»»

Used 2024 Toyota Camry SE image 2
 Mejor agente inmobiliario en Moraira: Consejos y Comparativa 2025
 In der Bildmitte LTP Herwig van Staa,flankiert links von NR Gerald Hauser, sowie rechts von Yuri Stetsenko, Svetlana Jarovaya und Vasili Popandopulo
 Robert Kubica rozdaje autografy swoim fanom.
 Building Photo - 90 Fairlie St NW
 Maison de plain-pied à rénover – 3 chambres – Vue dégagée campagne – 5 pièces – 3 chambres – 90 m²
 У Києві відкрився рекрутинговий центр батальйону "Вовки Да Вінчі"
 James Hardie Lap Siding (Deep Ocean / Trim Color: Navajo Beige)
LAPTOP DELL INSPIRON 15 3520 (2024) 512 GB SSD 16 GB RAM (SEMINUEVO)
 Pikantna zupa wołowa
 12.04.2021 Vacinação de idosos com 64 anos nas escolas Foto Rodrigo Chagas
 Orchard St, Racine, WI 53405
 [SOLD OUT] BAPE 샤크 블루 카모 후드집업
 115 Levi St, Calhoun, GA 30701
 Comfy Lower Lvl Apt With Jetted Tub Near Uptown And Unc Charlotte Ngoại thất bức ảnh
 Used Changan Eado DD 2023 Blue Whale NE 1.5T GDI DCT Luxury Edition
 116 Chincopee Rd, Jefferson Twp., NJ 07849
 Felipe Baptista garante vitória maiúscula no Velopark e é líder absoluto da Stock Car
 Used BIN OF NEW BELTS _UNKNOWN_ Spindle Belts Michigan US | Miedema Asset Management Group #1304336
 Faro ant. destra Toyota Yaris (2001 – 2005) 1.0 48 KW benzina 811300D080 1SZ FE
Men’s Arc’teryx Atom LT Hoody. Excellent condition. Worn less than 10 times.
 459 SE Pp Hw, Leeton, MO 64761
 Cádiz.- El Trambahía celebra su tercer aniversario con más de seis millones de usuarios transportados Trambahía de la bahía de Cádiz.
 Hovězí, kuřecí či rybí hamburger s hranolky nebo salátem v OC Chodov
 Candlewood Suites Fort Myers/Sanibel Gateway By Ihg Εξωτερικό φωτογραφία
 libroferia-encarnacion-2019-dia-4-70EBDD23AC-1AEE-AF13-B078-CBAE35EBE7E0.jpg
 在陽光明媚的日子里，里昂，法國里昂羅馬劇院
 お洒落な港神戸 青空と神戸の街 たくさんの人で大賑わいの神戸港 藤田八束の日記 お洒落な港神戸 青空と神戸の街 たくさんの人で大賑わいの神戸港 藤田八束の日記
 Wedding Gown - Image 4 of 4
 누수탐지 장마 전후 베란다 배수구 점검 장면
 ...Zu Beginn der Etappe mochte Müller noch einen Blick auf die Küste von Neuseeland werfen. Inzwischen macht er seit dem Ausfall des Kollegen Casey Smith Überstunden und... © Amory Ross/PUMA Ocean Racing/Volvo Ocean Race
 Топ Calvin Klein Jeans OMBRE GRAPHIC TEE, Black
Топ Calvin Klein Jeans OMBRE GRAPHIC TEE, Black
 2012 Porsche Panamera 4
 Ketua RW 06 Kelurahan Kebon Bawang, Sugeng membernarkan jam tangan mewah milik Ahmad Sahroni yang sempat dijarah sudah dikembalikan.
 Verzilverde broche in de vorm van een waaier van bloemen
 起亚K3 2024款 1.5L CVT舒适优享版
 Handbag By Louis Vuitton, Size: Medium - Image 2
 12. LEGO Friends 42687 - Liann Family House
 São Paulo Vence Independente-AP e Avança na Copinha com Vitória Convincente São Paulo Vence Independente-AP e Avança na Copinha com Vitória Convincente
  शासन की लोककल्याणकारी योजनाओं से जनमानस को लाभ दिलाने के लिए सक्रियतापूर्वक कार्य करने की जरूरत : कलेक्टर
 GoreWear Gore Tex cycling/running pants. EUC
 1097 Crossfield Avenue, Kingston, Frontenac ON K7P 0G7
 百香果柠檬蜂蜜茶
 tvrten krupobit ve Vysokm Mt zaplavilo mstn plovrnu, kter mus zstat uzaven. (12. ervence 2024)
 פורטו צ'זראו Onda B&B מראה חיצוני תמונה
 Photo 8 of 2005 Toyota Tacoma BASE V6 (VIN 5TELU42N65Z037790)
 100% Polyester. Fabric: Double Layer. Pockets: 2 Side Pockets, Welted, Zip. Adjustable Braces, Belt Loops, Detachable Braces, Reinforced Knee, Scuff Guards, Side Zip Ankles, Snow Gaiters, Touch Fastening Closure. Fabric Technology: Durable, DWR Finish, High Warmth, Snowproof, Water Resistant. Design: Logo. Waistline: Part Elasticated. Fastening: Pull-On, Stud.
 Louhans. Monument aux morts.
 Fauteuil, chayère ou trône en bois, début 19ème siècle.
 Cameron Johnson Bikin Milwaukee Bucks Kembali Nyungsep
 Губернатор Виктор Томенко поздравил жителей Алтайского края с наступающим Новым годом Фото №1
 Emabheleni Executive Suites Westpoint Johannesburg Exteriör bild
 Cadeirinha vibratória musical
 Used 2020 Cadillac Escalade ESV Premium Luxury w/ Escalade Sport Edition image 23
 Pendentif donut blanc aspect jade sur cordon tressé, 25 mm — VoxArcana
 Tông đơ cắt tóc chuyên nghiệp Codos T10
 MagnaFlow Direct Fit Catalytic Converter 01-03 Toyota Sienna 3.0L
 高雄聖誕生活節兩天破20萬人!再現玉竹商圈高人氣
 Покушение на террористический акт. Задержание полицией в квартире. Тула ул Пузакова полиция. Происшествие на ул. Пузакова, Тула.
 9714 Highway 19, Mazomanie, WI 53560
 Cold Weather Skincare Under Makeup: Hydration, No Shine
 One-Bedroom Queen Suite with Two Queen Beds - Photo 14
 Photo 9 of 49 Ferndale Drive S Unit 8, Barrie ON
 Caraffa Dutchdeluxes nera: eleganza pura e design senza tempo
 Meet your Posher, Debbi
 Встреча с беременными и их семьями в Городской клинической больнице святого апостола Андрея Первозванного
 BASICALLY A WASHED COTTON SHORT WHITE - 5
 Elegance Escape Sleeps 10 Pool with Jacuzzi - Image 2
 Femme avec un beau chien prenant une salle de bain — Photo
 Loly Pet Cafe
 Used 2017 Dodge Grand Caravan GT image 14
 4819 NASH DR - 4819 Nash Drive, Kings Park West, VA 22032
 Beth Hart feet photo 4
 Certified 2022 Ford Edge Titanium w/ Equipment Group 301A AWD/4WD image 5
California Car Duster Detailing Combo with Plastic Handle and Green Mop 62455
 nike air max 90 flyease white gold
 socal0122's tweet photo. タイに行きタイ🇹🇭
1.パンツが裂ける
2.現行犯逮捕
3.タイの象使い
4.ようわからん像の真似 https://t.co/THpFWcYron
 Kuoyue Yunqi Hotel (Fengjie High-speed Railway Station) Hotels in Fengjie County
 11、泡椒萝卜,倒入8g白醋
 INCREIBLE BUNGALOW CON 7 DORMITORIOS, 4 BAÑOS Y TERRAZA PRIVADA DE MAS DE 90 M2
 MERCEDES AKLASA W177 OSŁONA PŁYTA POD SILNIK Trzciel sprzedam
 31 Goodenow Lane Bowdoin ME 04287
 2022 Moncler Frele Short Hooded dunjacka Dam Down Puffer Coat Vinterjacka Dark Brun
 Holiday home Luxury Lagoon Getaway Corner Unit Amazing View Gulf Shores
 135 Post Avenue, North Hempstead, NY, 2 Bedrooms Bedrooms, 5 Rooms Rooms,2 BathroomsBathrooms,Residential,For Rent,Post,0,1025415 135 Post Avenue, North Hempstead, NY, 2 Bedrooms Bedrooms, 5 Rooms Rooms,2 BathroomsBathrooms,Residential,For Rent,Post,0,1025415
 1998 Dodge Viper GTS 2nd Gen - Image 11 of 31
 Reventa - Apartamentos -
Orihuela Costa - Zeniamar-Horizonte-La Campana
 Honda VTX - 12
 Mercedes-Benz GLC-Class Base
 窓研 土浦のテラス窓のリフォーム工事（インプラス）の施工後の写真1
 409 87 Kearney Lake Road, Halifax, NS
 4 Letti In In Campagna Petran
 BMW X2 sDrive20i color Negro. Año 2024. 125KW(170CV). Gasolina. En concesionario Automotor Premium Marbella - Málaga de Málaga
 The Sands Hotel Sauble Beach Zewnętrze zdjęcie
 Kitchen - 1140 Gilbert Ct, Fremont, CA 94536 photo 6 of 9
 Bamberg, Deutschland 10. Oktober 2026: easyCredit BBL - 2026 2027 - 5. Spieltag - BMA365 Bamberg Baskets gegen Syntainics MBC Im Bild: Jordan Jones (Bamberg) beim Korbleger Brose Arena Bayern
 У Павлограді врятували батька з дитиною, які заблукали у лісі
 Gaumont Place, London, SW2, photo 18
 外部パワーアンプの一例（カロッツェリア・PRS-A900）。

««

• Task to complete: Return the entries above unchanged, starting at the first line and stopping after the line with "Faro ant. destra".

• Exercise response:
Used 2024 Toyota Camry SE image 2
 Mejor agente inmobiliario en Moraira: Consejos y Comparativa 2025
 In der Bildmitte LTP Herwig van Staa,flankiert links von NR Gerald Hauser, sowie rechts von Yuri Stetsenko, Svetlana Jarovaya und Vasili Popandopulo
 Robert Kubica rozdaje autografy swoim fanom.
 Building Photo - 90 Fairlie St NW
 Maison de plain-pied à rénover – 3 chambres – Vue dégagée campagne – 5 pièces – 3 chambres – 90 m²
 У Києві відкрився рекрутинговий центр батальйону "Вовки Да Вінчі"
 James Hardie Lap Siding (Deep Ocean / Trim Color: Navajo Beige)
LAPTOP DELL INSPIRON 15 3520 (2024) 512 GB SSD 16 GB RAM (SEMINUEVO)
 Pikantna zupa wołowa
 12.04.2021 Vacinação de idosos com 64 anos nas escolas Foto Rodrigo Chagas
 Orchard St, Racine, WI 53405
 [SOLD OUT] BAPE 샤크 블루 카모 후드집업
 115 Levi St, Calhoun, GA 30701
 Comfy Lower Lvl Apt With Jetted Tub Near Uptown And Unc Charlotte Ngoại thất bức ảnh
 Used Changan Eado DD 2023 Blue Whale NE 1.5T GDI DCT Luxury Edition
 116 Chincopee Rd, Jefferson Twp., NJ 07849
 Felipe Baptista garante vitória maiúscula no Velopark e é líder absoluto da Stock Car
 Used BIN OF NEW BELTS _UNKNOWN_ Spindle Belts Michigan US | Miedema Asset Management Group #1304336
 Faro ant. destra Toyota Yaris (2001 – 2005) 1.0 48 KW benzina 811300D080 1SZ FE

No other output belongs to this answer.